Hal yang serupa juga dapat dilihat dalam pertunjukan tradisional seperti pertunjukan tari tradisional, dan teater tradisional. Kaum milenial lebih tertarik untuk menonton pertunjukan film terbaru di bioskop daripada pertunjukan tradisional seperti pertunjukan Wayang Golek. Meskipun masih ada segelintir kaum milenial yang tertarik menonton pertunjukan Wayang Golek, namun jumlahnya tidak sebanding dengan kaum milenial yang pergi ke bioskop.

Makanan, Busana, dan Musik



Pandangan kaum milenial terkait makanan, busana dan selera hiburan bisa menjadi parameter hilangnya budaya tradisional. Trend selera bersantap kekinian membuat kaum milenial meninggalkan makanan tradisional Indonesia.
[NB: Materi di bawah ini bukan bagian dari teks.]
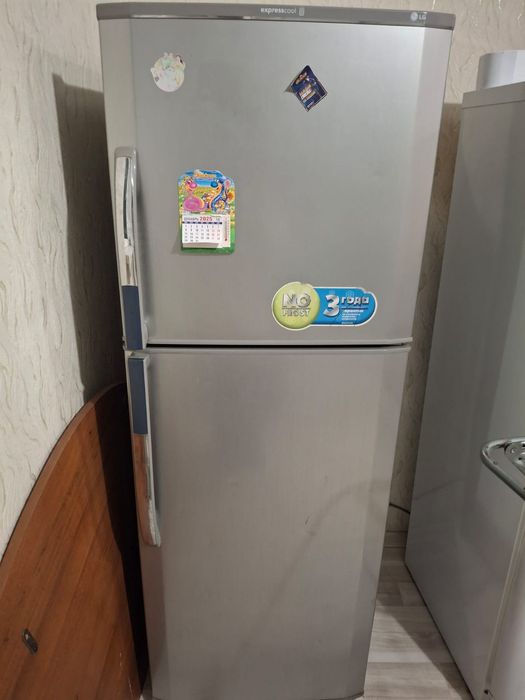 Холодильник LG серый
Meskipun makanan kekinian ini sebenarnya memiliki bentuk dan rasa yang mirip dengan makanan tradisional Indonesia. Sebut saja ramen dengan mie ayam, dango dengan klepon, sushi dengan lemper, odeng dengan otak-otak dan teokbokki dengan seblak, tetap saja sebagian besar kaum milenal lebih memilih makanan kekinian tersebut.



Pengaruh budaya luar sudah menggerogoti minat kaum milenial terhadap budayanya sendiri. Tidak hanya dari soal makanan saja, pengaruh ini juga menggerogoti selera busana dan selera musik kaum milenial. Bagaimana tidak, saat ini milenial Indonesia sudah terkena demam ala “kekorea-koreaan, “kejepang-jepangan,” atau bahkan “keamerika-amerikaan.”
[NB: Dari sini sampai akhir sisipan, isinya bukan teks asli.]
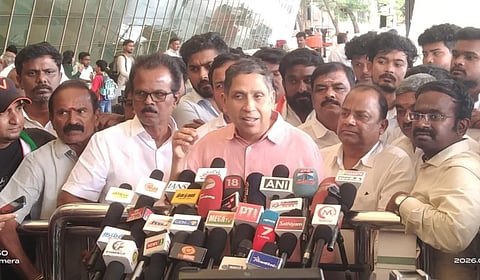 “அதிமுக எம்எல்ஏக்கள் ராஜினாமா செய்வது சுய முடிவு” - பிரவீன் சக்கரவர்த்தி கருத்து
Dari parameter-parameter di atas dapat disimpulkan bahwa budaya asing telah menggeser cara pandang kaum milenial terhadap budaya nasional. Bisa dikatakan saat ini terjadi “darurat budaya Nusantara” di kalangan kaum milenial.
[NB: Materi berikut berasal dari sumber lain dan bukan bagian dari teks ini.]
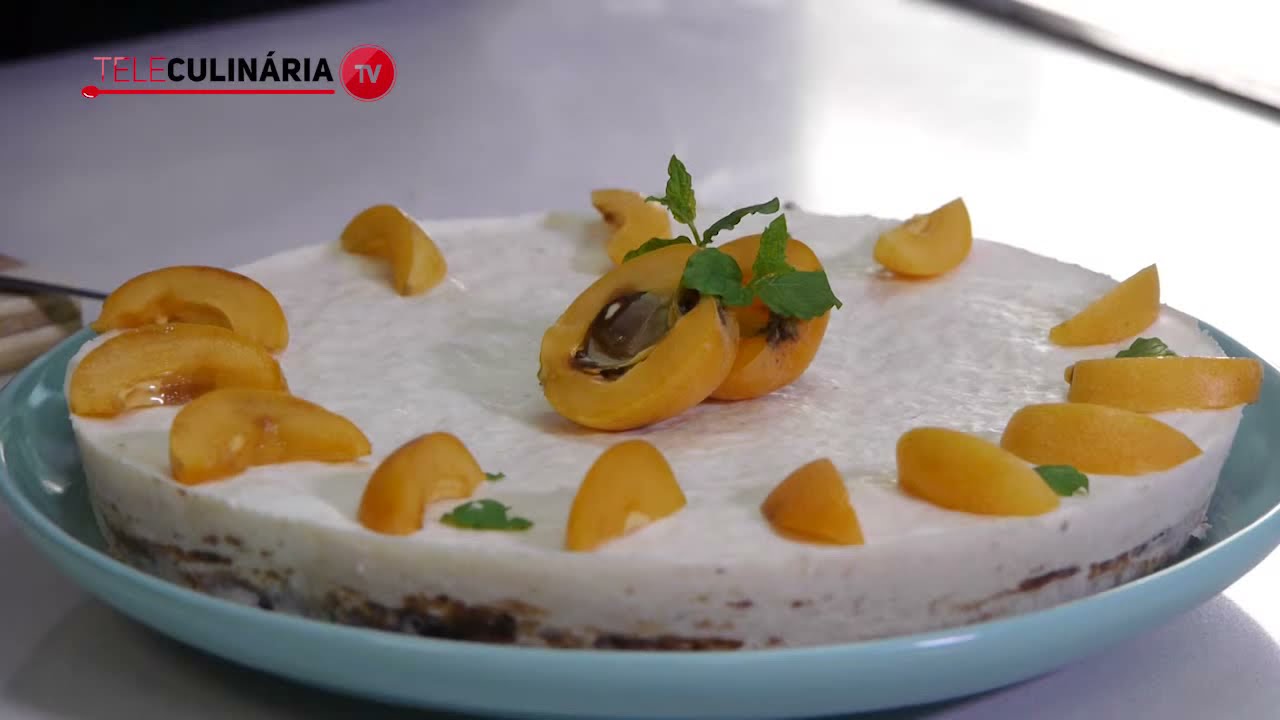 Bolo de café e nêsperas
Tidak ada kata terlambat untuk mengubah minat kaum milenial pada budaya daerah. Dalam hal ini perlu segera dilakukan upaya sistematis untuk membendung budaya asing. Upaya bersama pemerintah, tokoh masyarakat, keluarga, sekolah, perguruan tinggi, pakar budaya, pelaku budaya untuk mempertahankan budaya nasional akan sia-sia jika kaum milenial tidak sadar akan jati dirinya.



Di satu sisi, hadirnya public figure idola kaum milenial terbukti efektif membalikkan minat kaum milenial kepada budayanya sendiri. Salah satunya, bagaimana akhir-akhir ini kaum milenial kembali dan mulai menyukai musik daerah “campur sari” dengan histeria kehadiran maestro campursari Didi Kempot. Didi Kempot yang menyandang gelar “The Godfather of Broken Heart” ini mampu membius kaum milenial dengan lagu-lagu daerahnya.